🤖 AI Summary
This work addresses the lack of theoretical convergence advantages—specifically, rates faster than $O(n^{-1/2})$—for kernel herding in infinite-dimensional reproducing kernel Hilbert spaces (RKHS). We propose a deterministic sampling framework grounded in Gibbs measures, wherein node configurations are selected by minimizing the worst-case integration error under a suitably constructed joint distribution. This marks the first systematic incorporation of Gibbs measure theory into deterministic numerical integration analysis. Theoretically, our method yields tighter concentration inequalities for integration error in RKHS compared to i.i.d. Monte Carlo, establishing a strictly superior worst-case error bound. Empirically, preliminary experiments demonstrate super-root-$n$ convergence rates beyond the worst-case setting.

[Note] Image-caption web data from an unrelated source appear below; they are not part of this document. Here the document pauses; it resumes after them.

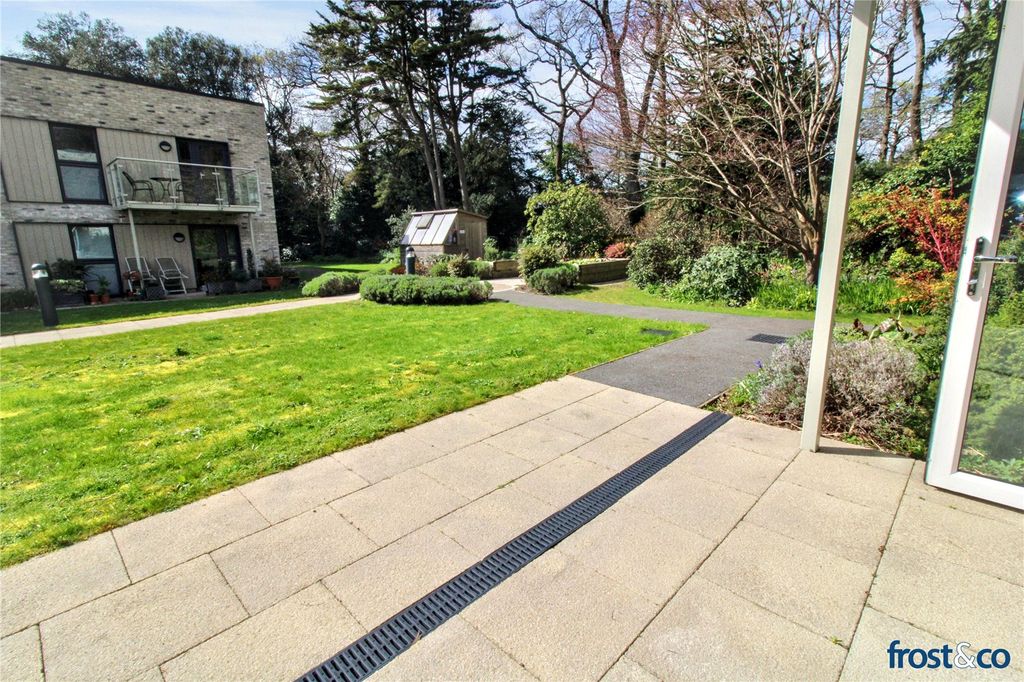 Property photo 3 of 26 Patio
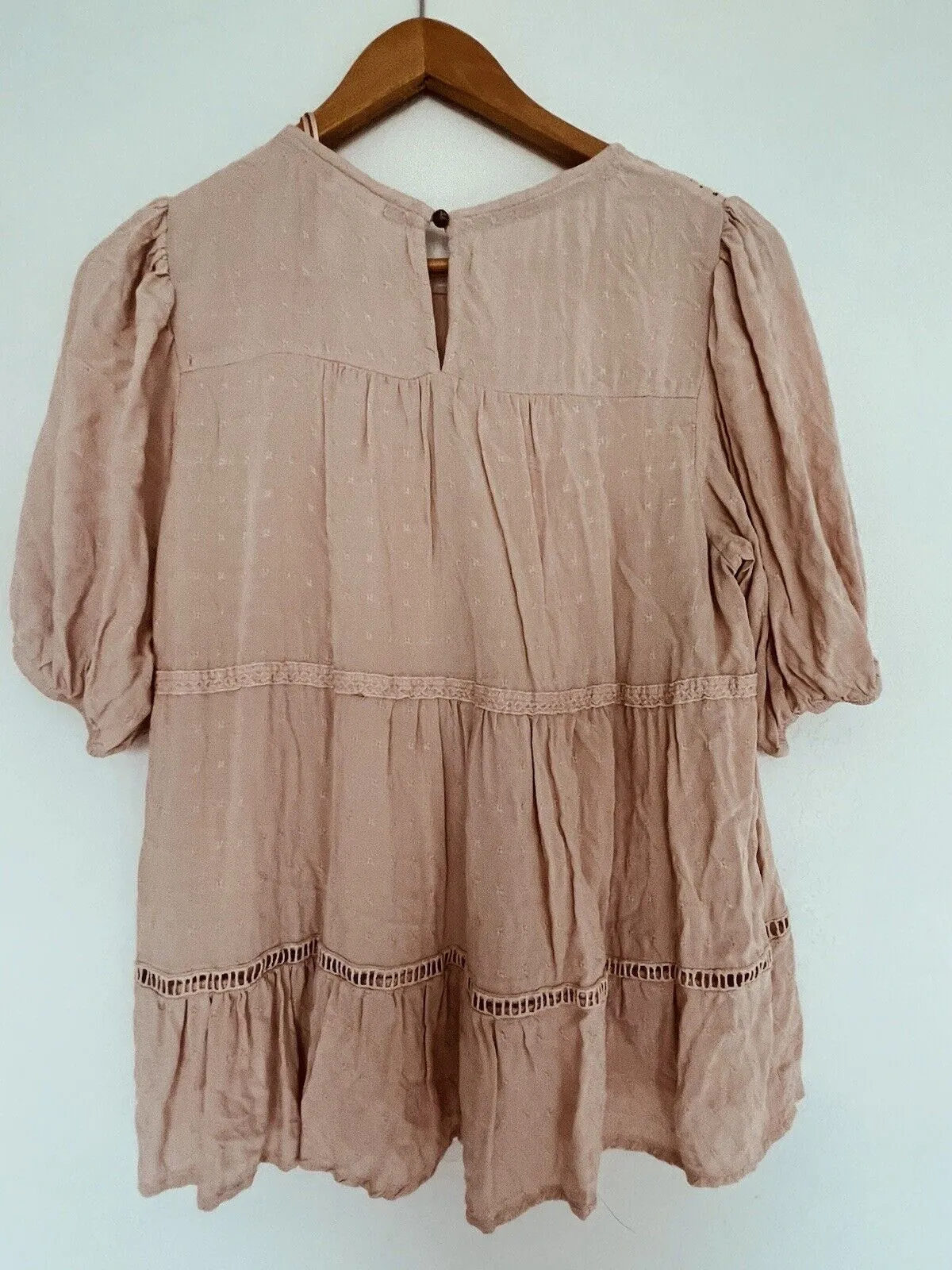 KNOX ROSE Pink Peach Top Boho Tiered Babydoll Blouse Sz M Flowy Shirt Coquette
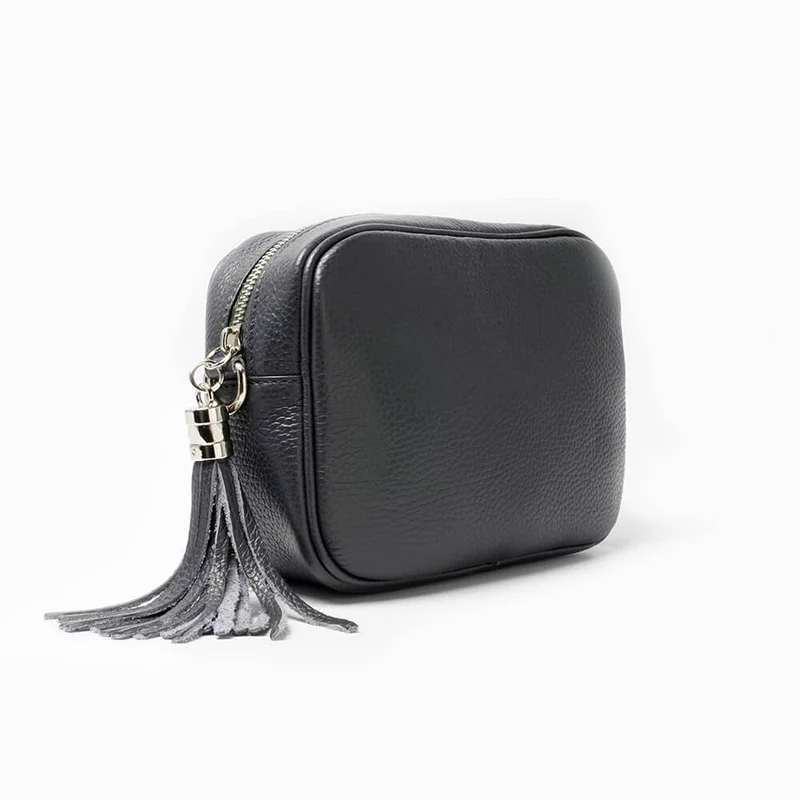 Bolso de Piel bandolera cuadrado Azul Marino con pompón de mujer Cristin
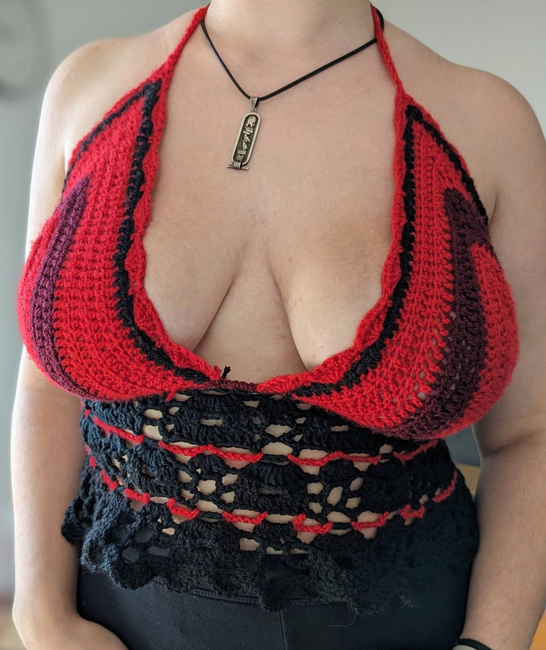 Daisy Bralette: Crochet pattern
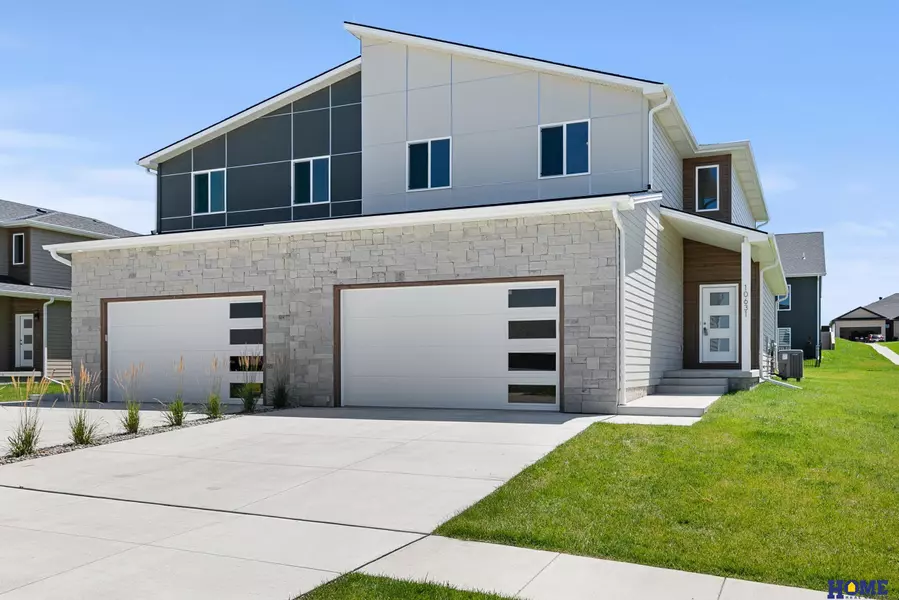 10631 Shore Front Drive, Lincoln, NE 68527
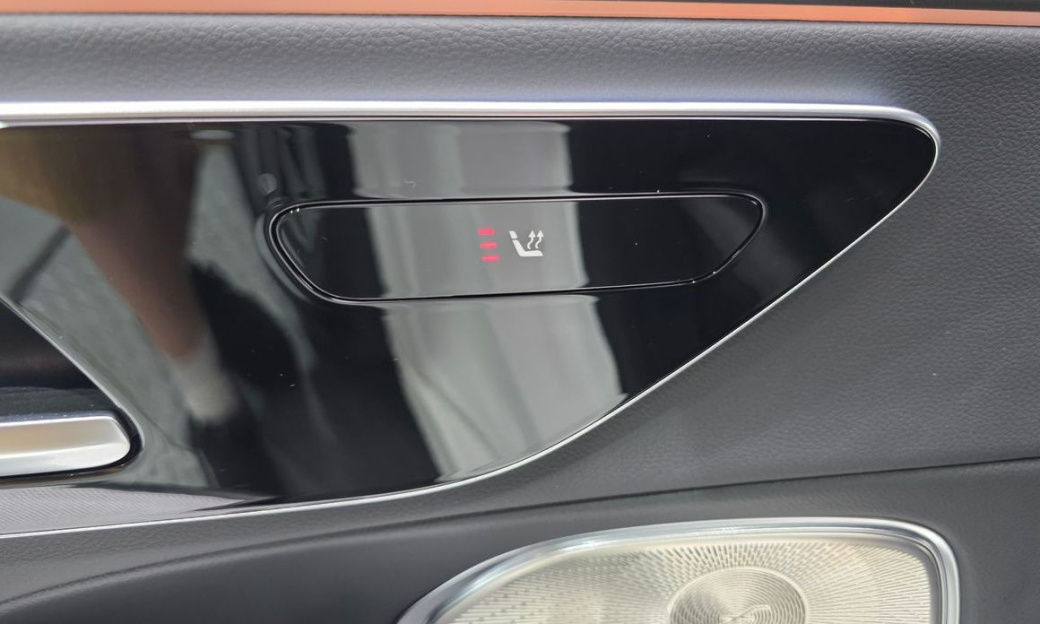 Mercedes-Benz E-Class E300 4MATIC Exclusive, 2024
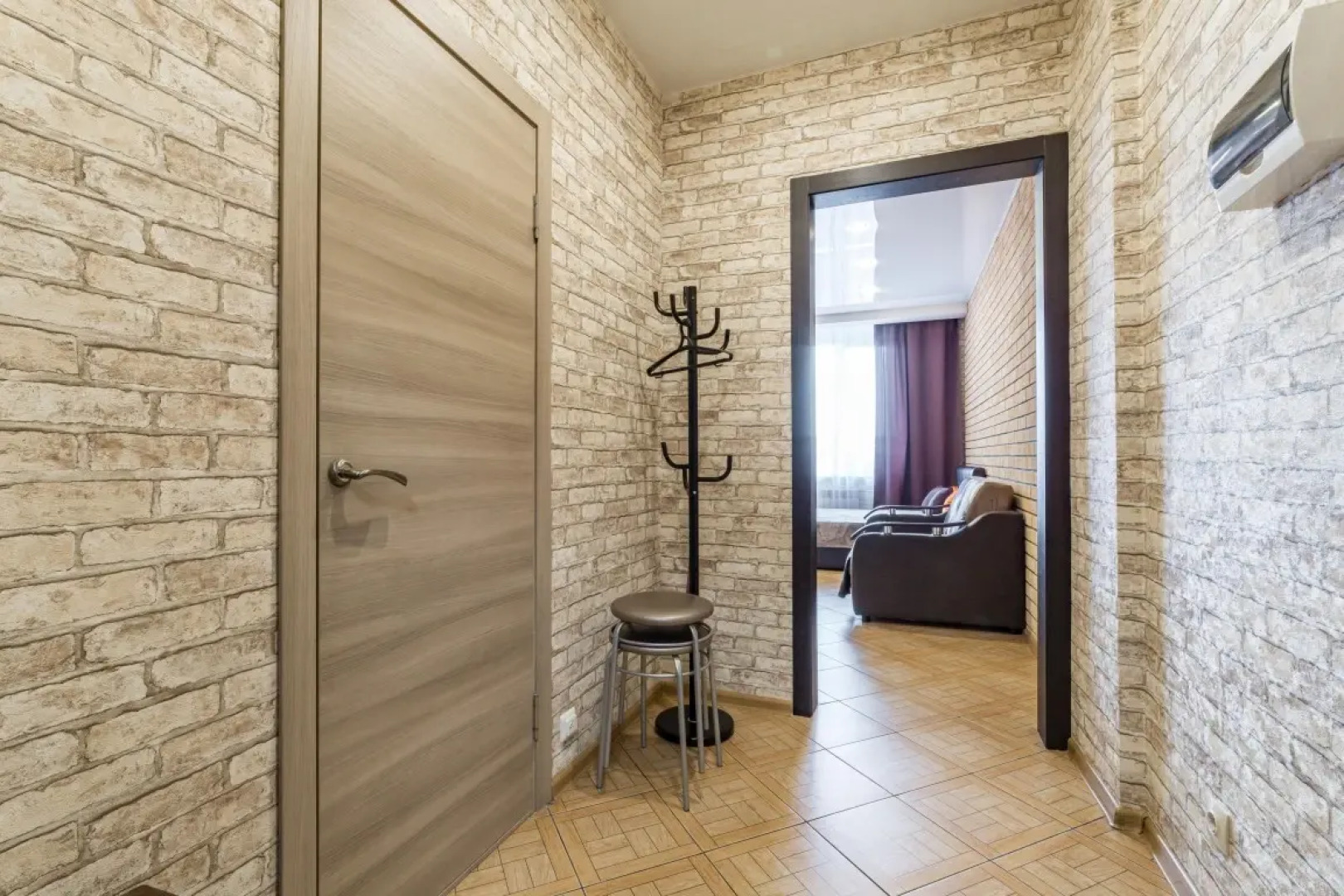 Апартаменты Глобус на Крестинского 35 (5)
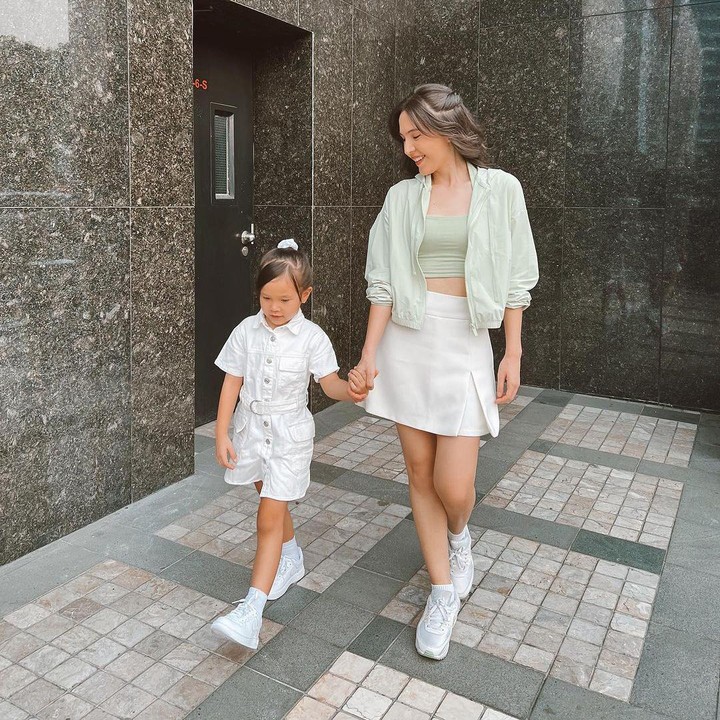 <p>Olivia Jensen sering mengunggah potretnya bersama Lola pada laman Instagram. Misalnya saja ketika keduanya kompak mengenakan pakaian untuk bermain tenis ini. (Foto: Instagram: @oliviajensen)</p>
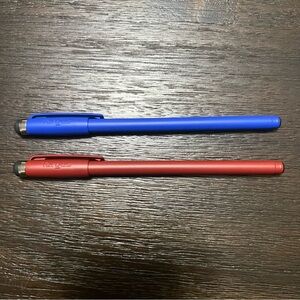 Targus Dual Stylus Pens in Blue and Red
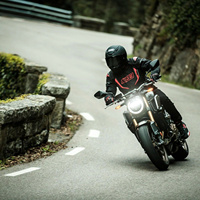 Casque de moto intégral avancé RF-1400 avec coque aérodynamique, visière transparente, doublure EPS et ventilation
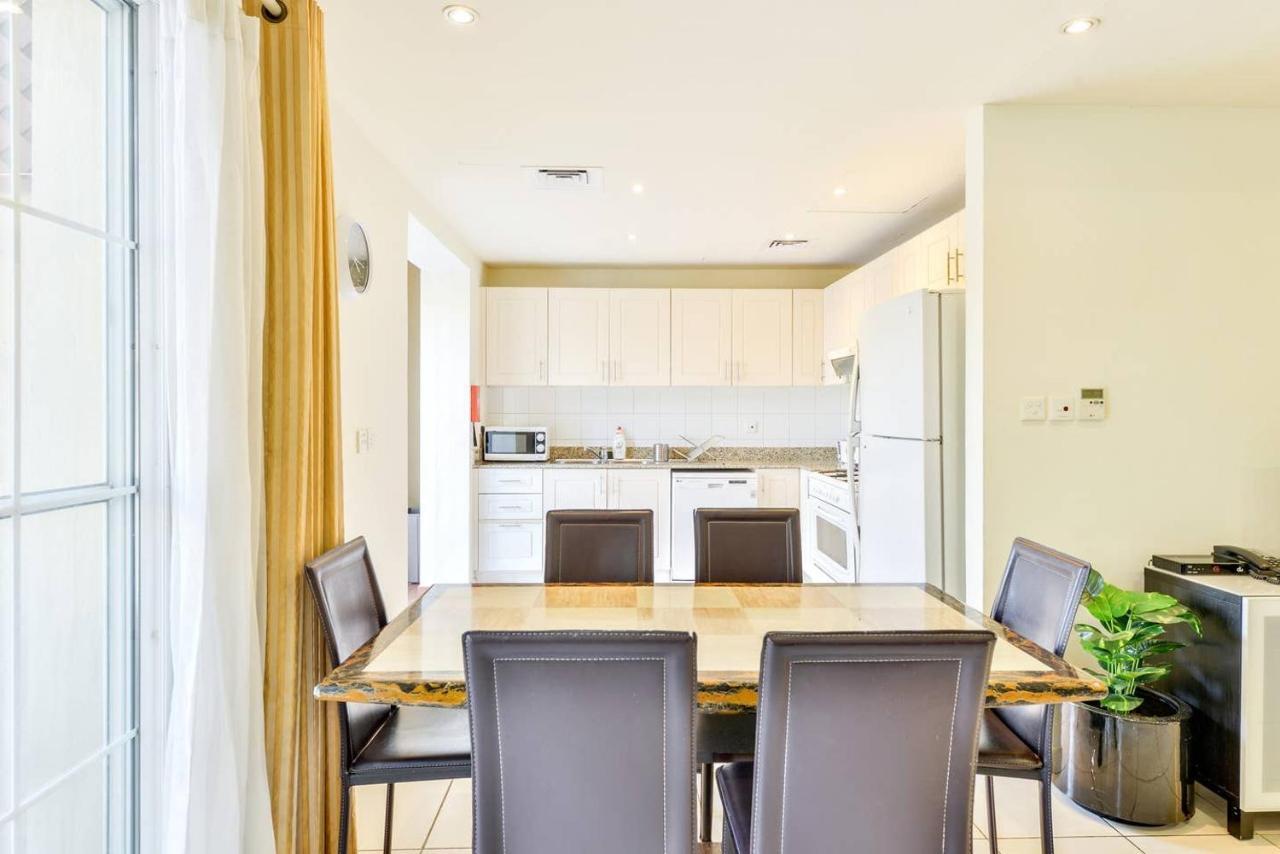 Medlock Villas *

The core innovation lies in the synergistic integration of Gibbs measures with worst-case error analysis, providing the first theoretically grounded acceleration mechanism for kernel herding.
📝 Abstract
Kernel herding belongs to a family of deterministic quadratures that seek to minimize the worst-case integration error over a reproducing kernel Hilbert space (RKHS). In spite of strong experimental support, it has revealed difficult to prove that this worst-case error decreases at a faster rate than the standard square root of the number of quadrature nodes, at least in the usual case where the RKHS is infinite-dimensional. In this theoretical paper, we study a joint probability distribution over quadrature nodes, whose support tends to minimize the same worst-case error as kernel herding. We prove that it does outperform i.i.d. Monte Carlo, in the sense of coming with a tighter concentration inequality on the worst-case integration error. While not improving the rate yet, this demonstrates that the mathematical tools of the study of Gibbs measures can help understand to what extent kernel herding and its variants improve on computationally cheaper methods. Moreover, we provide early experimental evidence that a faster rate of convergence, though not worst-case, is likely.